Return Type and Control Flow Safety Unlike C, C++, and Objective-C, the Swift assignment operator does not return a value. It evaluates to Void (represented as ()). This is a deliberate compiler-level design choice to prevent the accidental use of assignment within conditional statements where the equality operator (==) is intended.
var x = 10
var y = 20

// This yields a compile-time error because `x = y` returns `Void`, not a Boolean.
if x = y { } 
Because the operator returns Void, Swift does not support chained variable assignments.
// Compile-time error: Cannot assign value of type '()' to type 'Int'
var a, b, c: Int
a = b = c = 0 
Tuple Destructuring The = operator natively supports tuple decomposition. If the right-hand side is a tuple with multiple elements, the assignment operator can unpack those elements into a corresponding tuple of discrete lvalues on the left-hand side.
let (statusCode, statusMessage) = (404, "Not Found")
Memory and Type Semantics The behavior of the = operator depends strictly on the type system category of the rvalue:
  • Value Types (struct, enum, tuples, primitives): The assignment operator enforces copy semantics.
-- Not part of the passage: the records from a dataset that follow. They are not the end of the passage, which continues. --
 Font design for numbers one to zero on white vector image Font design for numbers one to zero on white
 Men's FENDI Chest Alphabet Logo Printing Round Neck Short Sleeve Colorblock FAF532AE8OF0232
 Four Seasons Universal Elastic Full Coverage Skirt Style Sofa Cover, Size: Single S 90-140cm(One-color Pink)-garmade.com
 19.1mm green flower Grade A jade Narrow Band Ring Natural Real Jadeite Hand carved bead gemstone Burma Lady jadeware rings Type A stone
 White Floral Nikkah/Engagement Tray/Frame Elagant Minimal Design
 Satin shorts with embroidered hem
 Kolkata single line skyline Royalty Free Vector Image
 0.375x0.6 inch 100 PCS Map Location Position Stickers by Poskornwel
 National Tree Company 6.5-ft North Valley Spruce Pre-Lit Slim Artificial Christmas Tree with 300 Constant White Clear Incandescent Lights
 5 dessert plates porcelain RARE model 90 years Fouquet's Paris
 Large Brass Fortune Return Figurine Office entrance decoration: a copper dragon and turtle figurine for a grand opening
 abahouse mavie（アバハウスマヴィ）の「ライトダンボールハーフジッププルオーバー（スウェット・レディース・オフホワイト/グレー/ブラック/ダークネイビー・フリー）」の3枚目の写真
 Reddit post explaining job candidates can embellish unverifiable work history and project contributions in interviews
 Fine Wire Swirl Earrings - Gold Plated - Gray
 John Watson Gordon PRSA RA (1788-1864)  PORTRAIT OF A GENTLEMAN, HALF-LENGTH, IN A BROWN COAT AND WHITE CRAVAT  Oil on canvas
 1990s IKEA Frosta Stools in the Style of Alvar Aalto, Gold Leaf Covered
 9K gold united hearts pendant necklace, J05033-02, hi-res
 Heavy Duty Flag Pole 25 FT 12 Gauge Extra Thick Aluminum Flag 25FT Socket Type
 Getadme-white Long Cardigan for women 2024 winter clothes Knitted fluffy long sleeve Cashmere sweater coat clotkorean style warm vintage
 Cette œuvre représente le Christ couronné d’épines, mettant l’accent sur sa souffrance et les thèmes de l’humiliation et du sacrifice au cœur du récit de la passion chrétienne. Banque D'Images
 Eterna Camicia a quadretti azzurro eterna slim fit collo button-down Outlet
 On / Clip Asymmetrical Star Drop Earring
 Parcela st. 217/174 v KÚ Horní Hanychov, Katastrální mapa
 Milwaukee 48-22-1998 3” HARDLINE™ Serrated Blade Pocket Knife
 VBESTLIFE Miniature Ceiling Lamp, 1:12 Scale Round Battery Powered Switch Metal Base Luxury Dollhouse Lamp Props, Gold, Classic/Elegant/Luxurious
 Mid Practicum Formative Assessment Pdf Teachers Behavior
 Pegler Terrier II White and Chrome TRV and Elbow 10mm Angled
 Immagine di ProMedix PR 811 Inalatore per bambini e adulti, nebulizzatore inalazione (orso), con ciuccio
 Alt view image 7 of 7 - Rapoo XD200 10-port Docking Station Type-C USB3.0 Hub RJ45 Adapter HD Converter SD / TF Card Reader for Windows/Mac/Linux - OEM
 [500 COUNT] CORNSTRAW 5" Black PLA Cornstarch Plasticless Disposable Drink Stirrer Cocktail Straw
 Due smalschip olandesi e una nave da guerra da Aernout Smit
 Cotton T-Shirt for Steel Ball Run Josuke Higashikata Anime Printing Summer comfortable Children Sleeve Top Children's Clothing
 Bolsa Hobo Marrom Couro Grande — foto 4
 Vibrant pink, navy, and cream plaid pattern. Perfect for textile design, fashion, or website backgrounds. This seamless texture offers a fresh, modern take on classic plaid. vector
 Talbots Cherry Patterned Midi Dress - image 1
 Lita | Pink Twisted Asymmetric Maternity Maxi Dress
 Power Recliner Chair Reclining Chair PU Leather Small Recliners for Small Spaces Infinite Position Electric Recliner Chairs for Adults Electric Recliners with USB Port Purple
It creates an independent, distinct copy of the rvalue’s data in memory. For standard library collections (like Array or Dictionary), Swift optimizes this using a Copy-on-Write (CoW) mechanism, deferring the actual memory duplication until a mutation occurs.
  • Reference Types (class, closures): The assignment operator enforces reference semantics. It copies the memory address (the pointer) of the instance rather than the underlying data. Both the lvalue and the rvalue will point to the exact same allocation in the heap, incrementing the instance’s Automatic Reference Counting (ARC) retain count.